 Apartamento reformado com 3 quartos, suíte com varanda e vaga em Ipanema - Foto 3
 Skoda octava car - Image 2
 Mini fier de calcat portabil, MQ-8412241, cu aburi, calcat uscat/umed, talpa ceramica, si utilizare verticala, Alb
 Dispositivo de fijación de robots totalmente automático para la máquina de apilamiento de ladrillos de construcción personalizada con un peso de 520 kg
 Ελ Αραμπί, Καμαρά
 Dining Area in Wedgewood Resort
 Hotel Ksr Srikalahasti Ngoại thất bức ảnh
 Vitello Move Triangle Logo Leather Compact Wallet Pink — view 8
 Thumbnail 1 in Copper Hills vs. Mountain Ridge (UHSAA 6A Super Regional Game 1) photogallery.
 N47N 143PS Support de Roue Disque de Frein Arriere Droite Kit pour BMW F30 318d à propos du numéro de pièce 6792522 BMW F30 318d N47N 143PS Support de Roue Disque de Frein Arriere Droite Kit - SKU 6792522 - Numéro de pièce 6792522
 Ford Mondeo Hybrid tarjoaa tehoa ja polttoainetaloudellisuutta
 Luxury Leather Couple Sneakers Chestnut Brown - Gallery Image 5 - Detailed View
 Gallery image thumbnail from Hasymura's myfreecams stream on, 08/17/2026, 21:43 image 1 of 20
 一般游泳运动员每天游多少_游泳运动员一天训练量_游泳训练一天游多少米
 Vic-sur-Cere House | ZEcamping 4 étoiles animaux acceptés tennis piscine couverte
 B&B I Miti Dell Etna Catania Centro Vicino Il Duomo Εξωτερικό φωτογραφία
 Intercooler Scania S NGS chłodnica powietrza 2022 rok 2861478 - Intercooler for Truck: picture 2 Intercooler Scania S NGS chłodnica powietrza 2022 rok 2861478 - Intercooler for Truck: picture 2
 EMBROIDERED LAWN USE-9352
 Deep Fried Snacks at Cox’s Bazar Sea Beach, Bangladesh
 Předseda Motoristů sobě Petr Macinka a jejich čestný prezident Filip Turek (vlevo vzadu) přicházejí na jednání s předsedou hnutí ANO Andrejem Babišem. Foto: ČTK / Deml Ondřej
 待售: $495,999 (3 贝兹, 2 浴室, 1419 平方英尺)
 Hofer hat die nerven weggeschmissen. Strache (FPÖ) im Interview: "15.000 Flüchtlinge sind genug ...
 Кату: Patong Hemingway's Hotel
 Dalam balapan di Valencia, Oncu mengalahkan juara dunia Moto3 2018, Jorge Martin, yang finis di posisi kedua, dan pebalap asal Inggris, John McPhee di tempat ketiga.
_ _ _ _
## TASK DESCRIPTION
Transcribe the entries above so that nothing in them differs from the original.

## REPLY
 Apartamento reformado com 3 quartos, suíte com varanda e vaga em Ipanema - Foto 3
 Skoda octava car - Image 2
 Mini fier de calcat portabil, MQ-8412241, cu aburi, calcat uscat/umed, talpa ceramica, si utilizare verticala, Alb
 Dispositivo de fijación de robots totalmente automático para la máquina de apilamiento de ladrillos de construcción personalizada con un peso de 520 kg
 Ελ Αραμπί, Καμαρά
 Dining Area in Wedgewood Resort
 Hotel Ksr Srikalahasti Ngoại thất bức ảnh
 Vitello Move Triangle Logo Leather Compact Wallet Pink — view 8
 Thumbnail 1 in Copper Hills vs. Mountain Ridge (UHSAA 6A Super Regional Game 1) photogallery.
 N47N 143PS Support de Roue Disque de Frein Arriere Droite Kit pour BMW F30 318d à propos du numéro de pièce 6792522 BMW F30 318d N47N 143PS Support de Roue Disque de Frein Arriere Droite Kit - SKU 6792522 - Numéro de pièce 6792522
 Ford Mondeo Hybrid tarjoaa tehoa ja polttoainetaloudellisuutta
 Luxury Leather Couple Sneakers Chestnut Brown - Gallery Image 5 - Detailed View
 Gallery image thumbnail from Hasymura's myfreecams stream on, 08/17/2026, 21:43 image 1 of 20
 一般游泳运动员每天游多少_游泳运动员一天训练量_游泳训练一天游多少米
 Vic-sur-Cere House | ZEcamping 4 étoiles animaux acceptés tennis piscine couverte
 B&B I Miti Dell Etna Catania Centro Vicino Il Duomo Εξωτερικό φωτογραφία
 Intercooler Scania S NGS chłodnica powietrza 2022 rok 2861478 - Intercooler for Truck: picture 2 Intercooler Scania S NGS chłodnica powietrza 2022 rok 2861478 - Intercooler for Truck: picture 2
 EMBROIDERED LAWN USE-9352
 Deep Fried Snacks at Cox’s Bazar Sea Beach, Bangladesh
 Předseda Motoristů sobě Petr Macinka a jejich čestný prezident Filip Turek (vlevo vzadu) přicházejí na jednání s předsedou hnutí ANO Andrejem Babišem. Foto: ČTK / Deml Ondřej
 待售: $495,999 (3 贝兹, 2 浴室, 1419 平方英尺)
 Hofer hat die nerven weggeschmissen. Strache (FPÖ) im Interview: "15.000 Flüchtlinge sind genug ...
 Кату: Patong Hemingway's Hotel
 Dalam balapan di Valencia, Oncu mengalahkan juara dunia Moto3 2018, Jorge Martin, yang finis di posisi kedua, dan pebalap asal Inggris, John McPhee di tempat ketiga.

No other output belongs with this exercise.